(EXERCISE DATA)

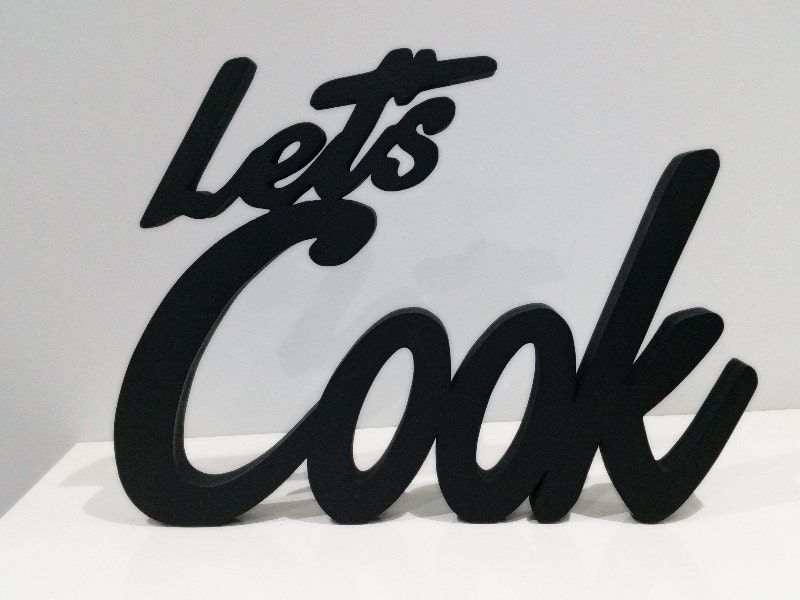 Wood Word Sign Lets Cook Home Decor Kitchen Wooden Letters Etsy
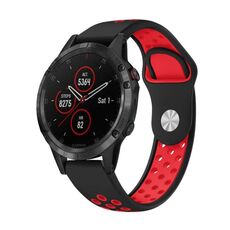 Per cinturino sportivo in silicone traspirante Garmin Fenix 5 Plus 22mm (nero + rosso)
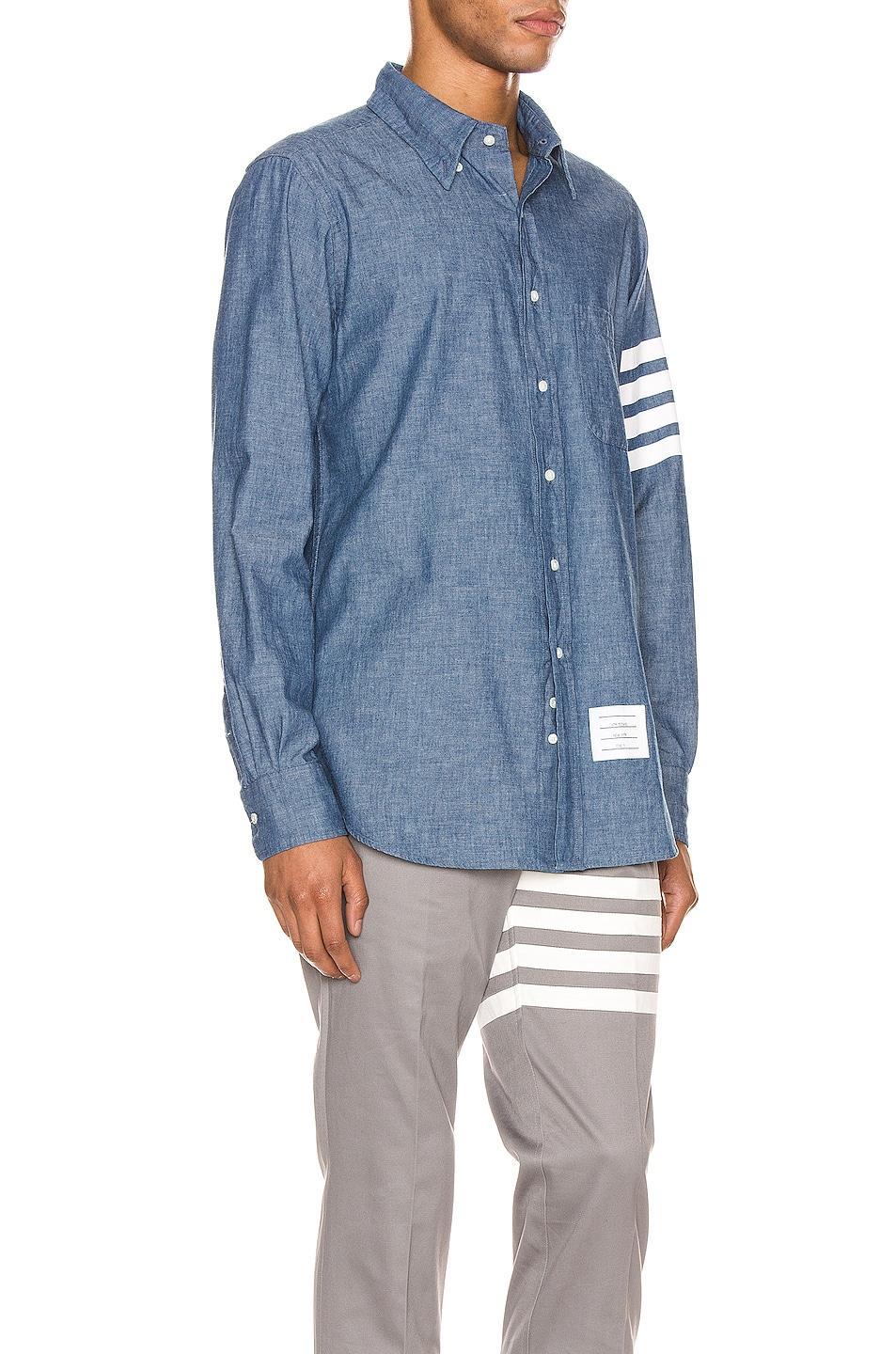 Thom Browne Straight Fit Button Down Long Sleeve Shirt Blue. (also in 1). Product Image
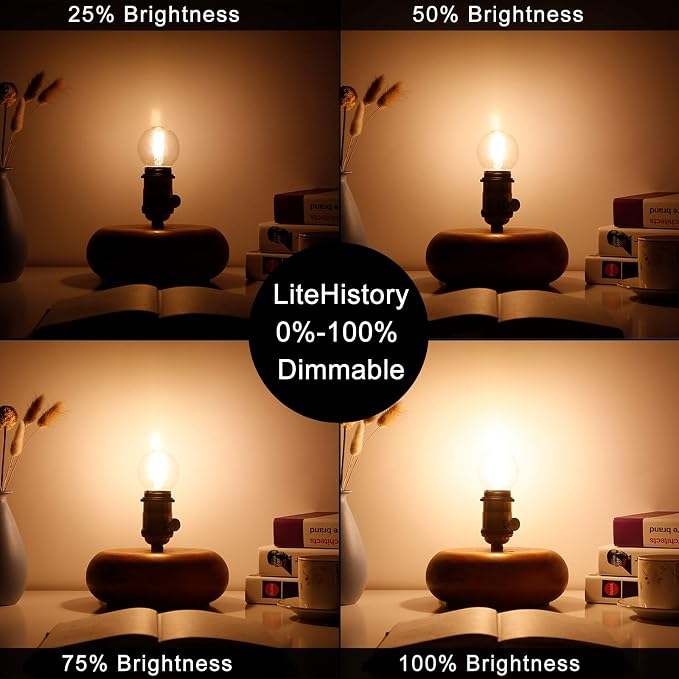 G16.5 Edison LED Light Bulbs E26 Base 60W Equivalent Warm White 2700K Clear Glass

(End EXERCISE DATA)

§ **TASK DIRECTIONS**
Copy out the material above in full and exactly, but with no pictures.

§ **EXERCISE OUTPUT**
 Wood Word Sign Lets Cook Home Decor Kitchen Wooden Letters Etsy
 Per cinturino sportivo in silicone traspirante Garmin Fenix 5 Plus 22mm (nero + rosso)
 Thom Browne Straight Fit Button Down Long Sleeve Shirt Blue. (also in 1). Product Image
 G16.5 Edison LED Light Bulbs E26 Base 60W Equivalent Warm White 2700K Clear Glass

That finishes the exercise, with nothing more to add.